And Adam said, "Lord, when I was in the garden, you walked with me every day. Now I do not see you anymore. I am lonesome and it is difficult for me to remember how much you love me."
God said, "No problem! I will create a companion for you that will be with you forever and who will be a reflection of my love for you, so that you will know I love you, even when you cannot see me. Regardless of how selfish and childish and unlovable you may be, this new companion will accept you as you are and will love you as I do, in spite of yourself."
God created a new animal to be a companion for Adam. And it was a good animal. And God was pleased. And the new animal was pleased to be with Adam and he wagged his tail. And Adam said, "But Lord, I have already named all the animals in the Kingdom and all the good names are taken and I cannot think of a name for this new animal."
And God said, "No problem! Because I have created this new animal to be a reflection of my love for you, his name will be a reflection of my own name, and you will call him DOG."
And Dog lived with Adam and was a companion to him and loved him. And Adam was comforted. And God was pleased. And Dog was content and wagged his tail.
After a while, it came to pass that Adam's Guardian Angel came to the Lord and said, "Lord, Adam has become filled with pride. He struts and preens like a peacock and he believes he is worthy of adoration. Dog has indeed taught him that he is loved, but no one has taught him humility."
And the Lord said, "No problem! I will create for him a companion who will be with him forever and who will see him as he is. The companion will remind him of his limitations, so he will know that he is not always worthy of adoration."
And God created CAT to be a companion to Adam. And Cat would not obey Adam. And when Adam gazed into Cat's eyes, he was reminded that he was not the supreme being.
And Adam learned humility.
And God was pleased. And Adam was greatly improved. And Cat did not care one way or the other.
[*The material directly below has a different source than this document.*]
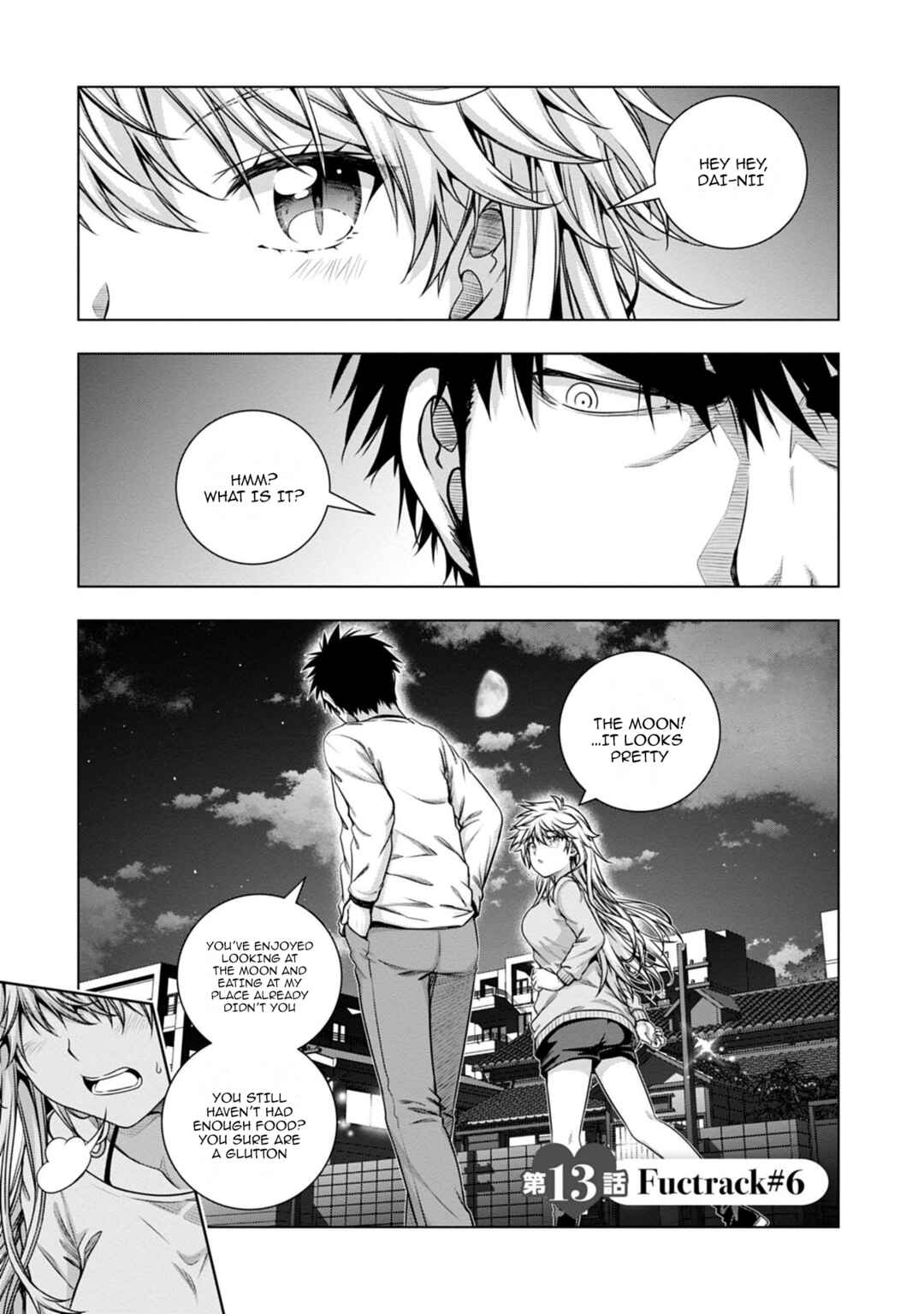 Page 1 Chapter 13 Iroha ni Hoero!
Debby wasn't home, and it was getting awfully late. Not knowing any of her girlfriend's phone numbers, her Mother fired-up Debbi's computer & saw a list of e-mail addresses. She sent a note to each name asking if they knew where her daughter was.
Within twenty minutes, she got back 16 replies all saying that she wasn't to worry, that Debby was spending the night at their house and had neglected to telephone.
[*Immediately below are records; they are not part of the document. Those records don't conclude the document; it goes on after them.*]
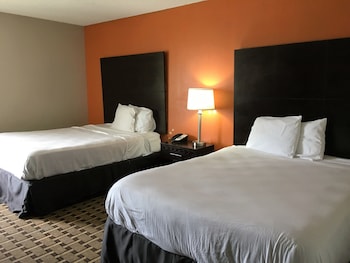 Deluxe Double Room, 2 Queen Beds, Smoking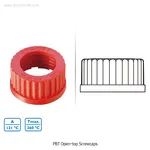 DURAN High-Temp. PBT Opentop- & Closetop-Screwcap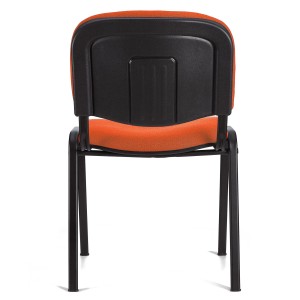 Silla de Confidente MOBY BASE, Cómoda y Práctica, Precio Increible, Color Negro y Patas Negras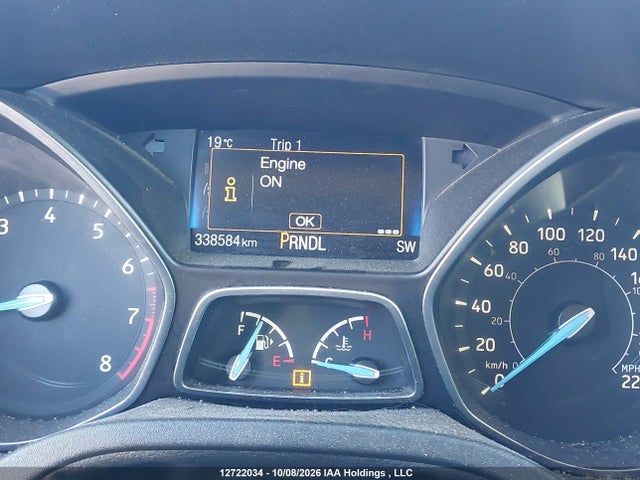 2015 Ford Focus Se მანქანა იყიდება აუქციონზე, vin: 1FADP3F22FL272425, აუქციონის ნომერი: 12722034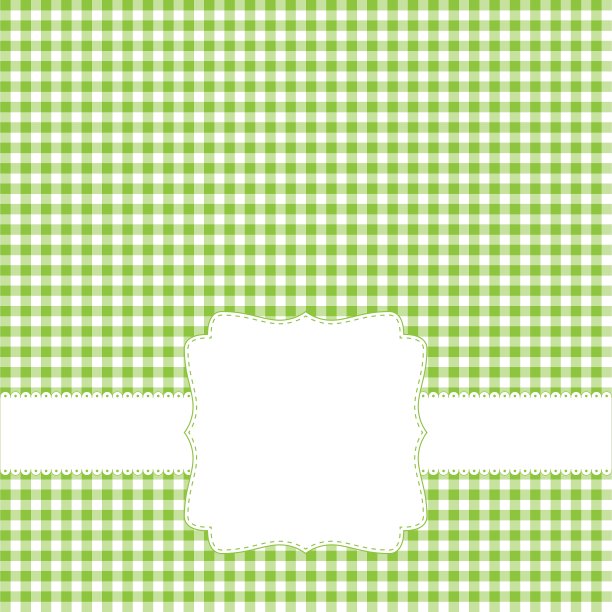 绿色复古的框架图片下载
When I was in high-school, Joel, a buddy of mine & I were discussing a girl from French class we had both befriended. Her family had recently relocated to the metro area from a farm way out in the sticks. We both agreed that we'd never met a sweeter girl before, but she was too naive & trusting. Joel said, "Listen, for her own good, and as her friends, we've got to teach her quickly what's right & what's wrong." I replied, "Agreed! You teach her what's right"
At a school in Oregon, the young girls were just starting to wear lipstick. They would go into the bathroom and put on their lipstick and kiss the mirror to blot it. The janitor was having a terrible time trying to get the mirror clean and keep it clean. He talked to the principle and the principle tried to talk to the girls, explaining how hard it was to clean the mirror of the lipstick.
It did no good, so he had all the girls come into the bathroom with the janitor so he could show them how hard it was to clean the mirror. The janitor took the scrub brush and scrubbed and scrubbed, the mirror was still a mess, and then he dipped the brush in the toilet and went back to the mirror and scrubbed again.
There has been no one kissing the mirror since.